## What needs to be done
Could you retype exactly the lines below between the one holding "2026 MINI Hardtop 4 Door S's photo" and the one holding "A red-ground embroidered silk skirt - 图1", inclusive, leaving out any pictures?

## Extracted entries
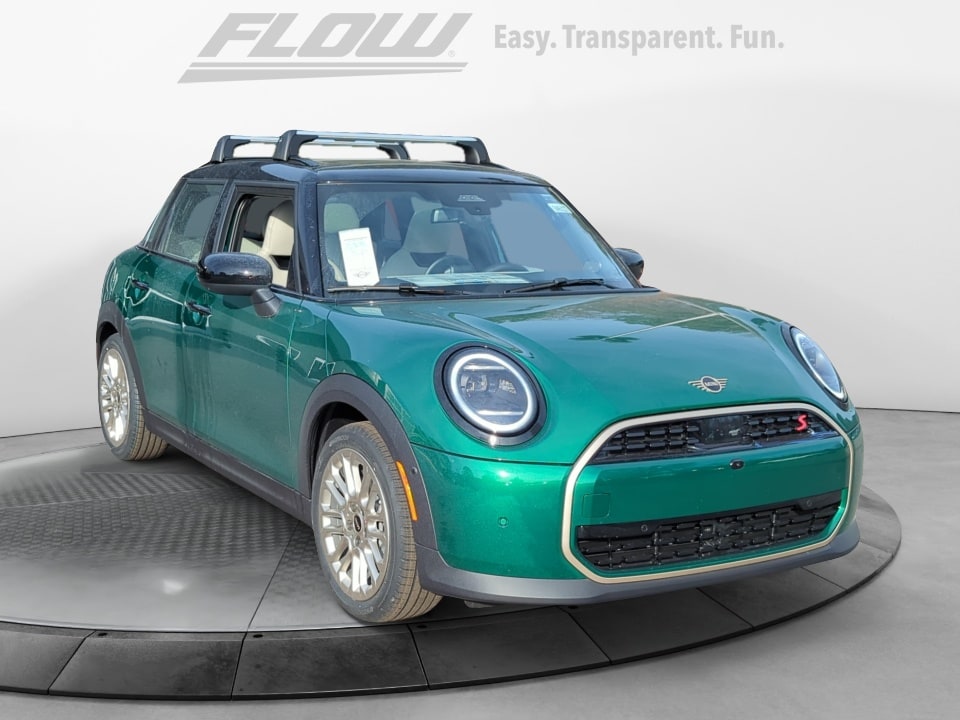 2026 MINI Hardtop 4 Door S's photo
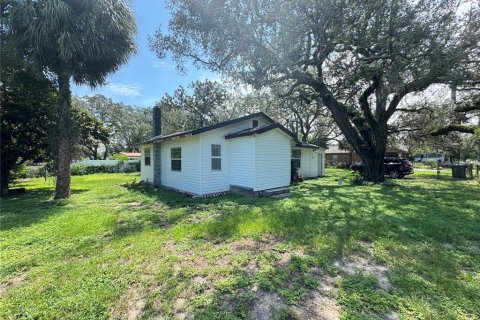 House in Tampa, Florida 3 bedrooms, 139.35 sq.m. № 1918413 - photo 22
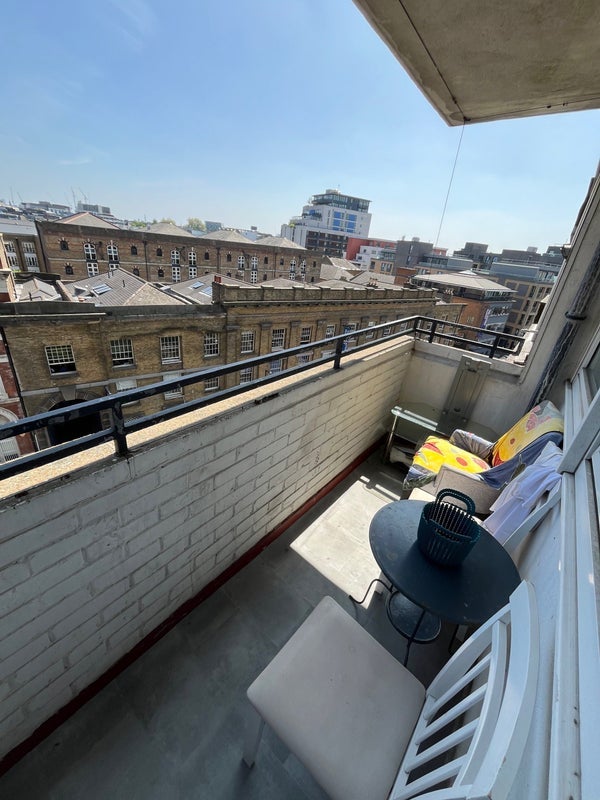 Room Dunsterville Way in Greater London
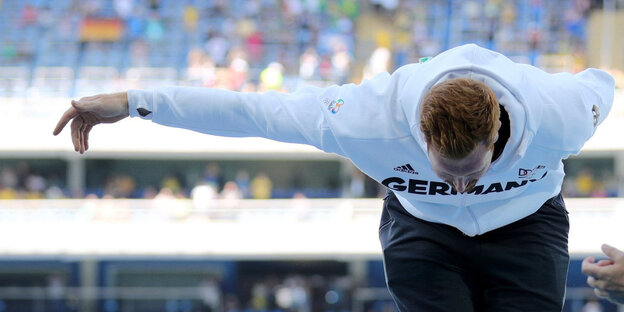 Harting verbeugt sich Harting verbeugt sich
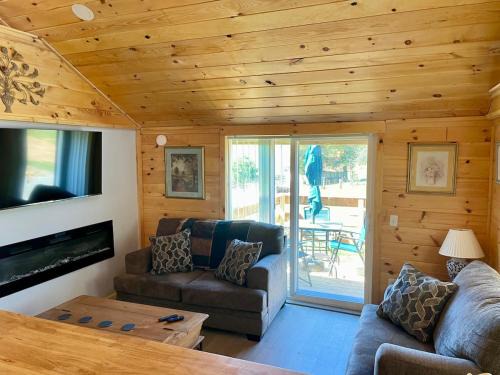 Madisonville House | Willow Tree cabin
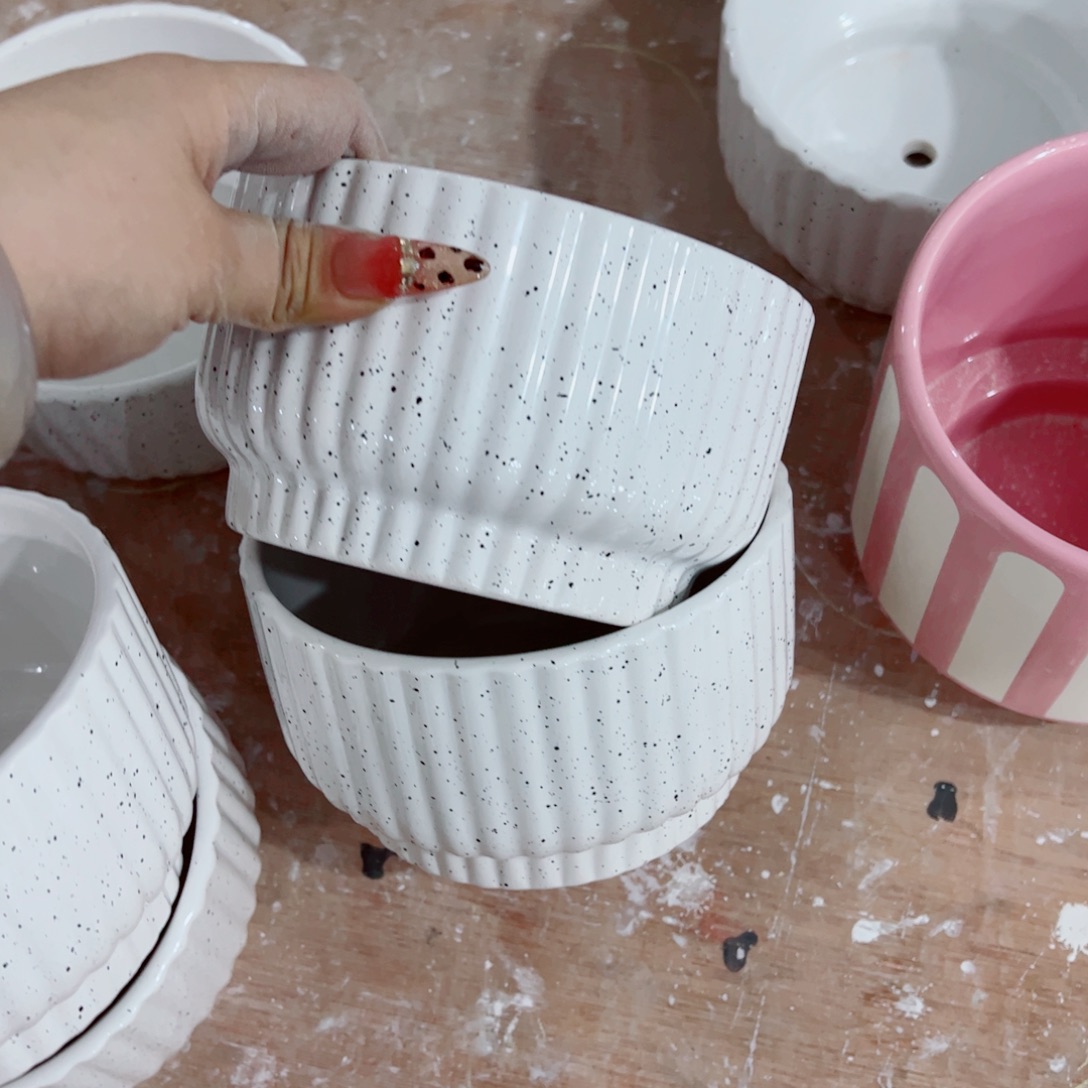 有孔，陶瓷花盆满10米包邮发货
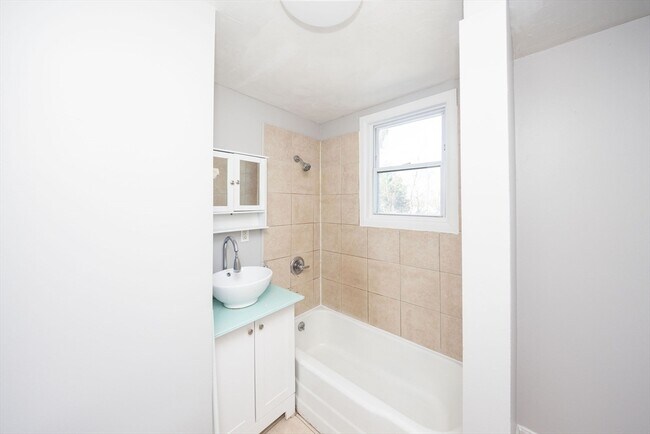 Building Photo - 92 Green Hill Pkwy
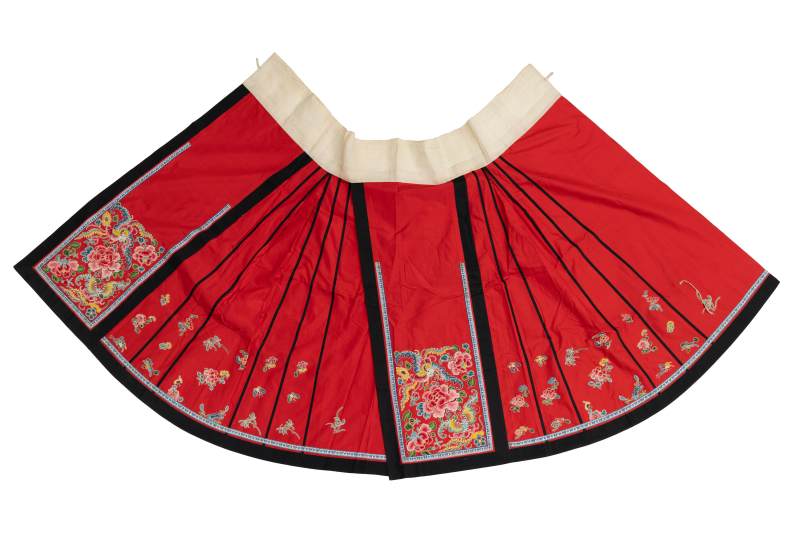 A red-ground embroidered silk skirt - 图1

==

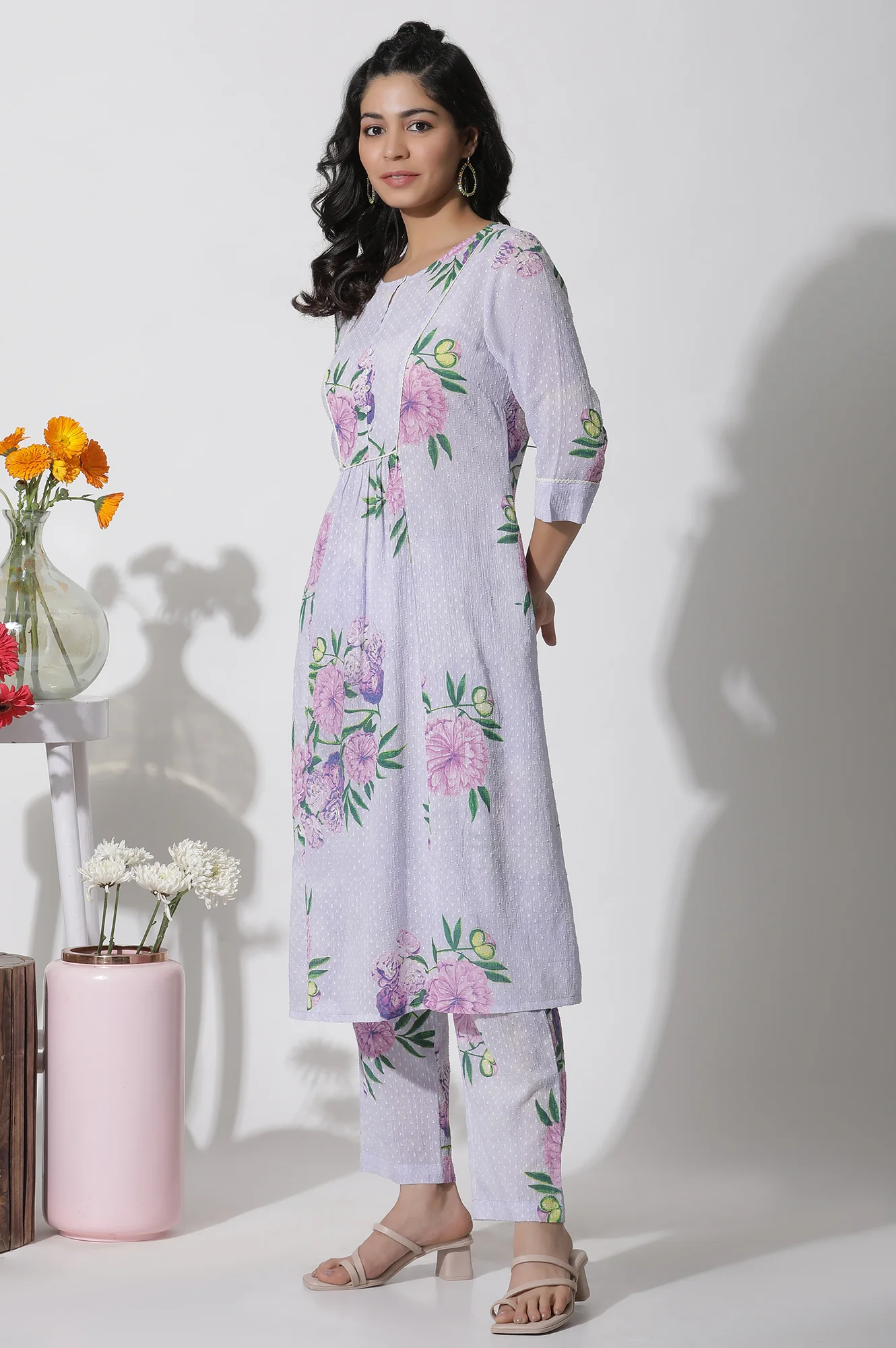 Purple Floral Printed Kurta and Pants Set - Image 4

## Reply
 2026 MINI Hardtop 4 Door S's photo
 House in Tampa, Florida 3 bedrooms, 139.35 sq.m. № 1918413 - photo 22
 Room Dunsterville Way in Greater London
 Harting verbeugt sich Harting verbeugt sich
 Madisonville House | Willow Tree cabin
 有孔，陶瓷花盆满10米包邮发货
 Building Photo - 92 Green Hill Pkwy
 A red-ground embroidered silk skirt - 图1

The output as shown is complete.